▶ **Problem**:
Would you return the data exactly as given, except for its pictures?

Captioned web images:
===

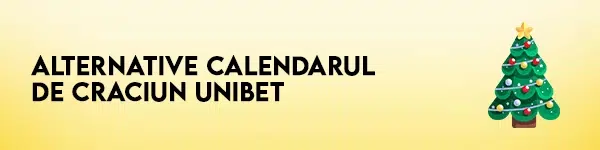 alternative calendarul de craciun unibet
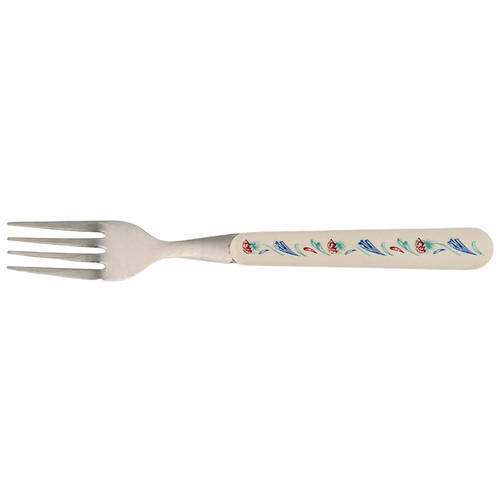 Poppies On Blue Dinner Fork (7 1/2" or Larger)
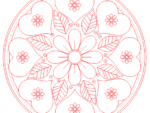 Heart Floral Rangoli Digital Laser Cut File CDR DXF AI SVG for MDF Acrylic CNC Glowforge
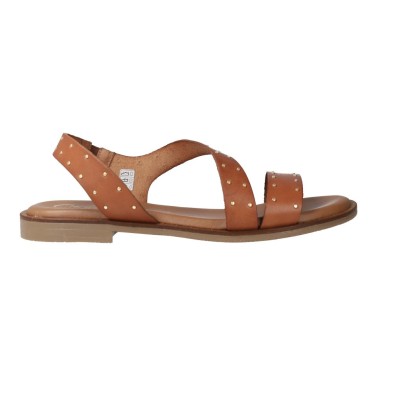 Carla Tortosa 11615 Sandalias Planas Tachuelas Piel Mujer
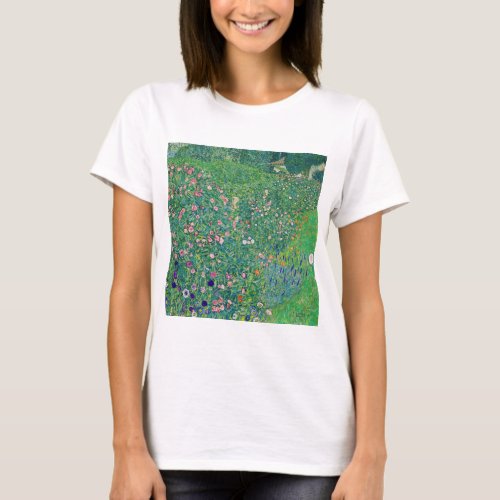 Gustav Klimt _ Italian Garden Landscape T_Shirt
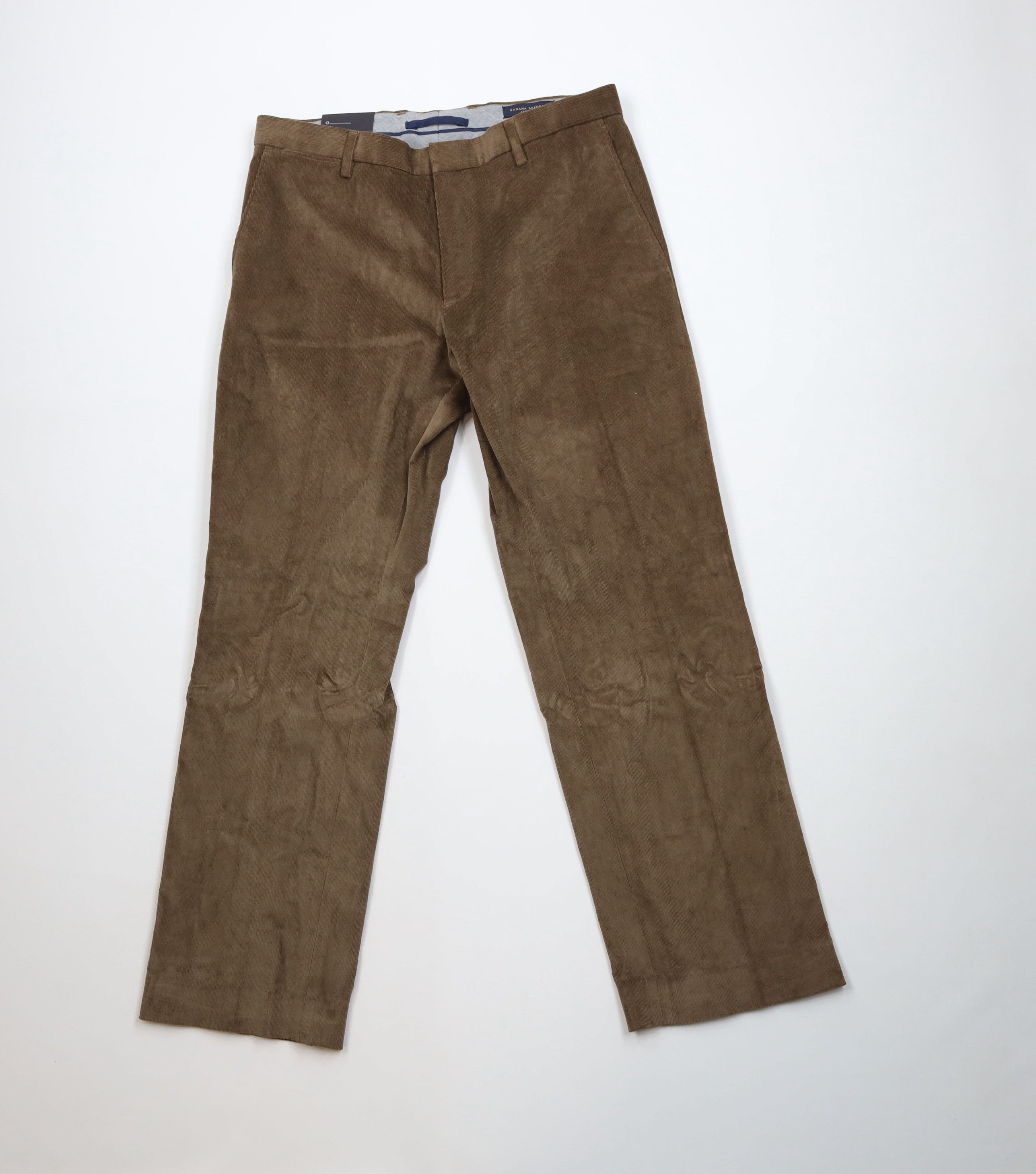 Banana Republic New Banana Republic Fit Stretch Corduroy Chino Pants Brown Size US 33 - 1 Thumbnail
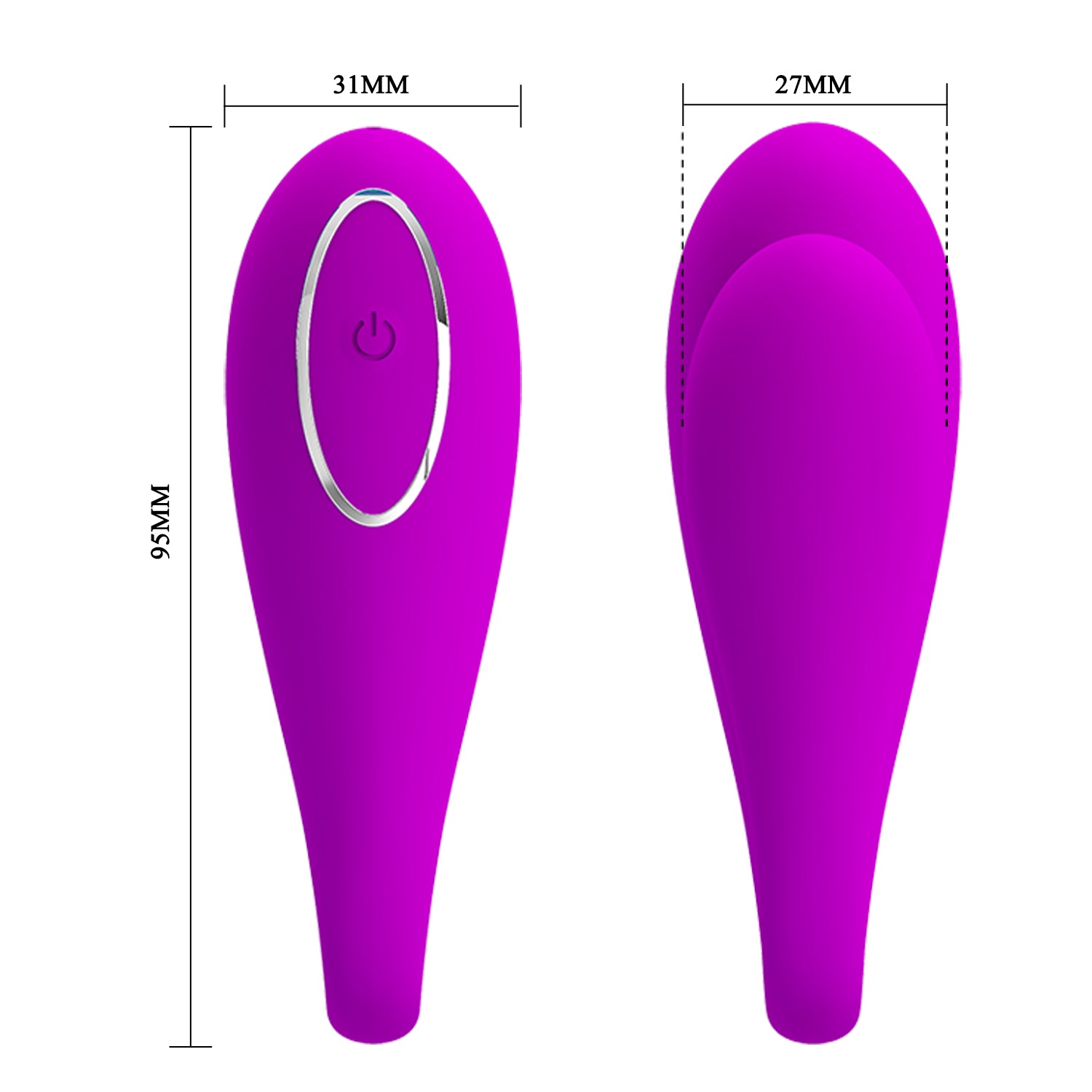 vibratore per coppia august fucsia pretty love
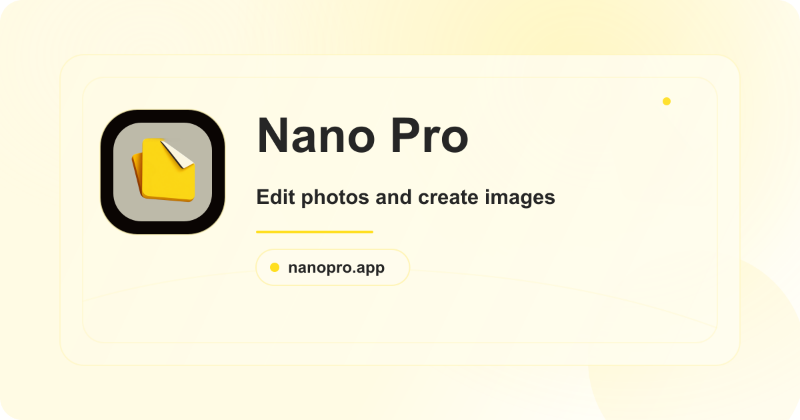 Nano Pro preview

===

▶ **Answer space**:
 alternative calendarul de craciun unibet
 Poppies On Blue Dinner Fork (7 1/2" or Larger)
 Heart Floral Rangoli Digital Laser Cut File CDR DXF AI SVG for MDF Acrylic CNC Glowforge
 Carla Tortosa 11615 Sandalias Planas Tachuelas Piel Mujer
 Gustav Klimt _ Italian Garden Landscape T_Shirt
 Banana Republic New Banana Republic Fit Stretch Corduroy Chino Pants Brown Size US 33 - 1 Thumbnail
 vibratore per coppia august fucsia pretty love
 Nano Pro preview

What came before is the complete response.